- [Dataset extract]
○ ○ ○ ○ ○ ○ ○

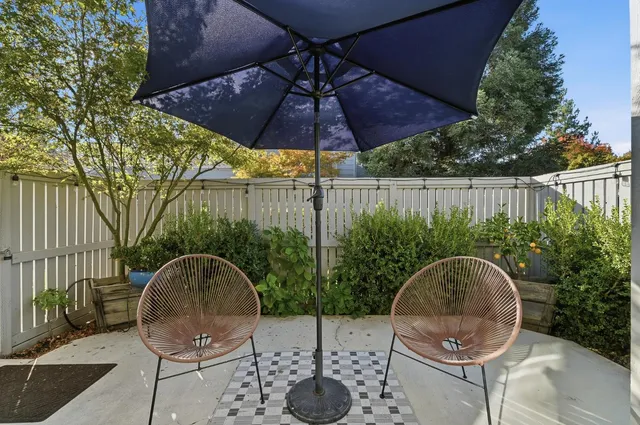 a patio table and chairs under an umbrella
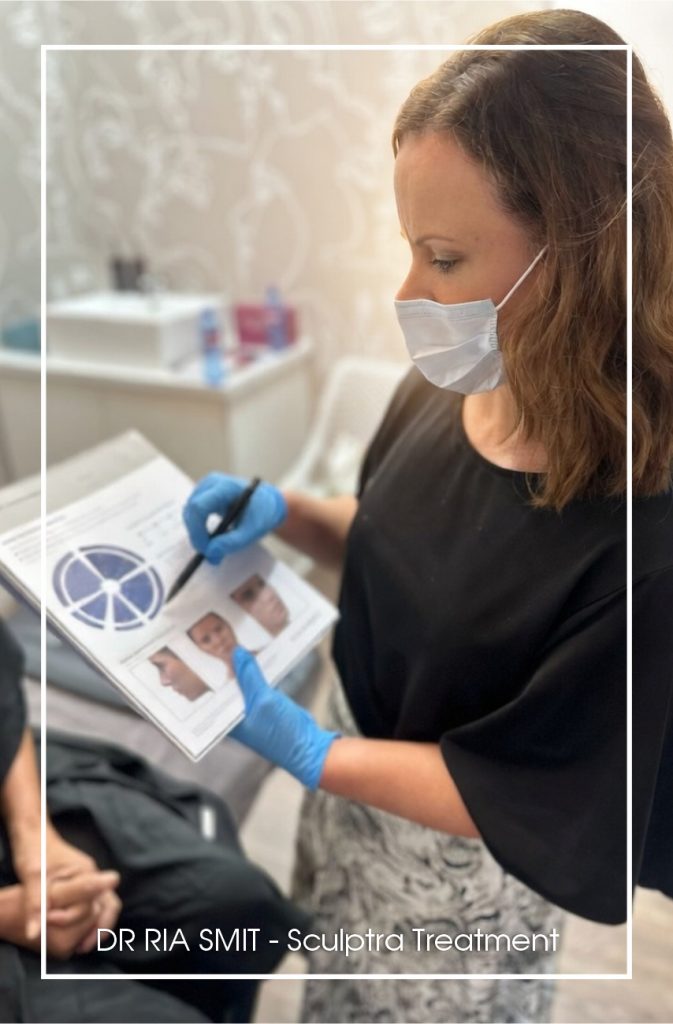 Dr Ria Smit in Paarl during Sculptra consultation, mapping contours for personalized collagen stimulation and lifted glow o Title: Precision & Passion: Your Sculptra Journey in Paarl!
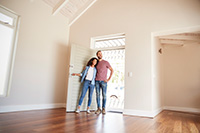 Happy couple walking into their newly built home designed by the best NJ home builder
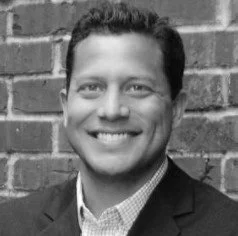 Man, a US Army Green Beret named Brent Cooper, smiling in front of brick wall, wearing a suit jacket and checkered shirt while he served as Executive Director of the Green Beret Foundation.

○ ○ ○ ○ ○ ○ ○

- [Instructions for the task] Skipping all images, print the data above a second time exactly.

- [Your response]
 a patio table and chairs under an umbrella
 Dr Ria Smit in Paarl during Sculptra consultation, mapping contours for personalized collagen stimulation and lifted glow o Title: Precision & Passion: Your Sculptra Journey in Paarl!
 Happy couple walking into their newly built home designed by the best NJ home builder
 Man, a US Army Green Beret named Brent Cooper, smiling in front of brick wall, wearing a suit jacket and checkered shirt while he served as Executive Director of the Green Beret Foundation.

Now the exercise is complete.